Der Anwalt von Hautarzt Bratzke erinnerte daran, dass die Aufsicht erst aktiv geworden war, als nach einem Bericht des RBB das Thema von den Medien eifrig aufgegriffen worden sei. Er sagte, dass der KV kein finanzieller Schaden entstanden sei, da die Gelder ja sofort wieder zurückgezahlt worden waren.
Die jetzige Hauptverhandlung hat ein jahrelanges Vorspiel. Das Landgericht Berlin hatte 2014 die Eröffnung des Hauptverfahrens zunächst abgelehnt.
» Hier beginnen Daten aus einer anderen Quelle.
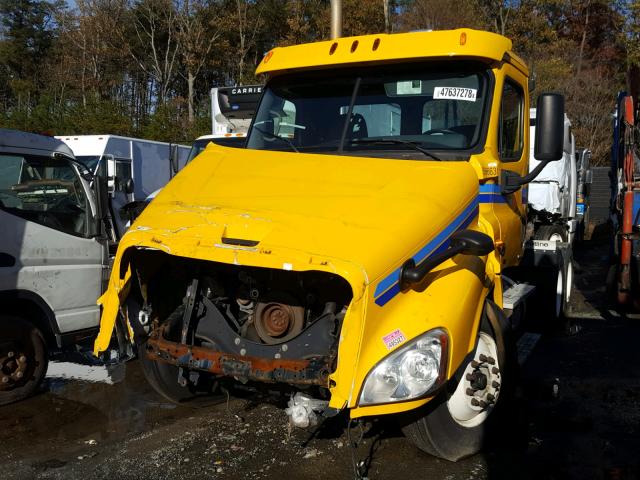 1FUJGEDV4BSAX7251 - 2011 FREIGHTLINER CASCADIA 1 YELLOW photo 2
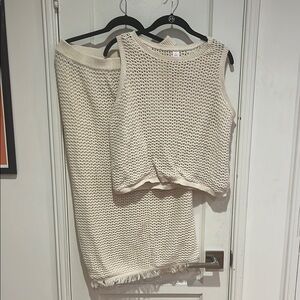 Old Navy Beige Knit Top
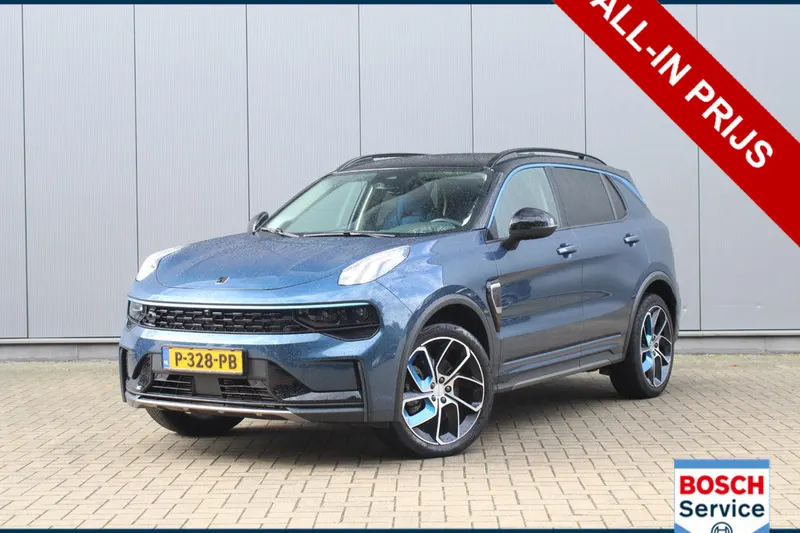 Lynk & Co 01 (2022)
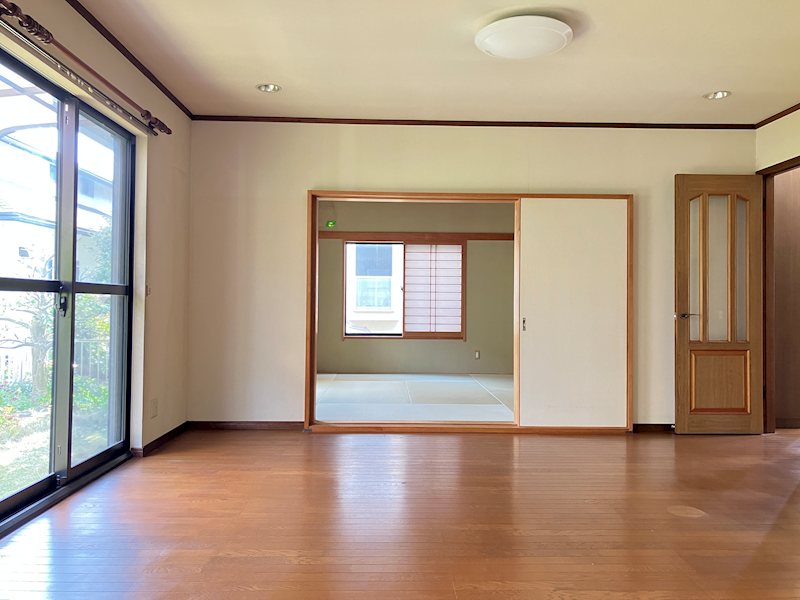 佐倉市山王１丁目　南側広々お庭の一戸建て 内観写真（リビング）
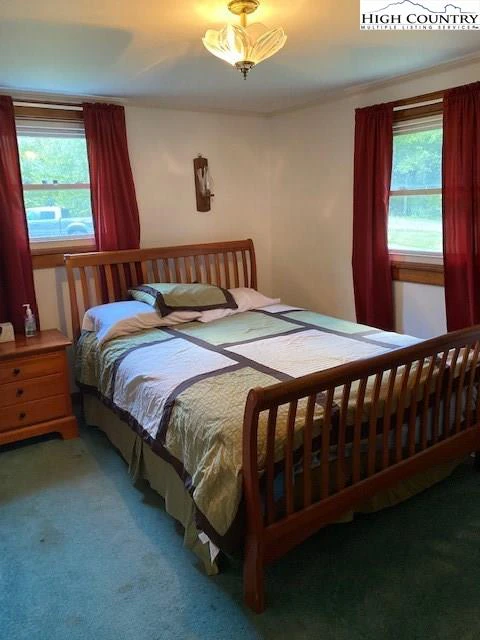 Image number 16 for the current listing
In der Begründung hieß es, die Angeschuldigten hätten zwar objektiv den Tatbestand der Untreue im Sinne des § 266 Strafgesetzbuch verwirklicht, doch könne ihnen nicht nachgewiesen werden, dass sie die ihnen vorgeworfene Untreue auch vorsätzlich begangen hätten, zumal sie sich zuvor anwaltlich beraten ließen. Das Kammergericht hatte die Entscheidung später aufgehoben und die Anklage zugelassen. Der 2. Strafsenat der Kammer sah einen „handgreiflichen und eklatanten Verstoß gegen Haushaltsrecht“. Den Angeklagten sei bewusst gewesen, dass bei Fortsetzung der Vorstands-tätigkeit eben kein „Übergang“ stattgefunden habe und ihnen deshalb entsprechende Gelder nicht zugestanden hätten.
Für die Hauptverhandlung sind bislang neun Termine anberaumt. Nach § 266 Strafgesetzbuch wird Untreue mit Freiheitsstrafe bis zu fünf Jahren oder mit Geldstrafe sanktioniert.
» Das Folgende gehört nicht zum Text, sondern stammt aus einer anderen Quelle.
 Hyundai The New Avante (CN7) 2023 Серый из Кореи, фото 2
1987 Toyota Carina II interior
Anwälte fordern Freispruch für die Angeklagten
Die Anwälte fordern jedoch Freispruch. Zu berücksichtigen wäre bei einer Strafe auch, dass alle Angeklagten bisher nicht strafrechtlich in Erscheinung getreten sind. Auch die lange Verfahrensdauer könnte das Strafmaß reduzieren. Laut Richter Thilo Bartle ist die ständige Überlastung der Gerichte durch Haftsachen ursächlich dafür, dass es erst jetzt mit einiger Mühe gelang, die Hauptverhandlung zu terminieren.
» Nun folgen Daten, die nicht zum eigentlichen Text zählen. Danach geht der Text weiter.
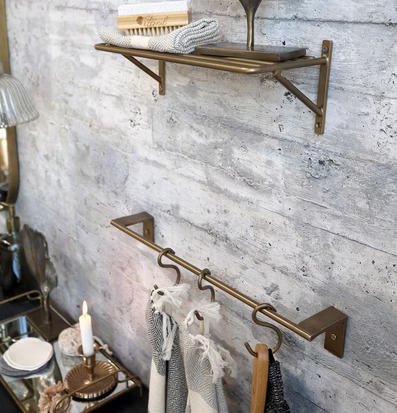 Väggskena Antik Mässing från Chic Antique på betongvägg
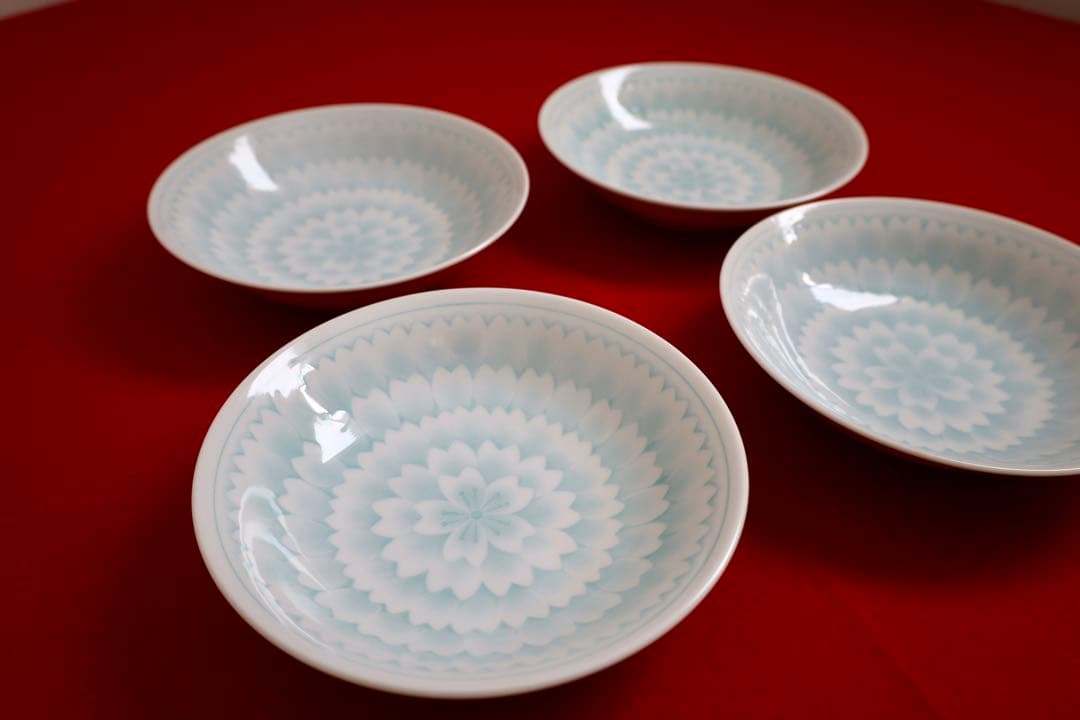 陶磁器【有田焼　昭峰窯　菊模様　4客】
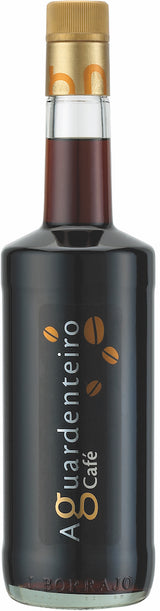Flasche Aguardenteiro Café Kaffee Likör mit schwarzem Design, goldener Schrift und Kaffeebohnen-Motiven auf dem Etikett.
Die sog. Übergangsaffäre hat in der KV Berlin in den letzten Jahren für erhebliche Unruhe gesorgt. Ein Abwahlantrag scheiterte dennoch. Erst zur Wahl 2017 stellte sich das Trio Dr. Prehn, Dr. Kraffel, Bratzke nicht mehr zur Wahl und die KV konnte mit neuem Vorstand starten.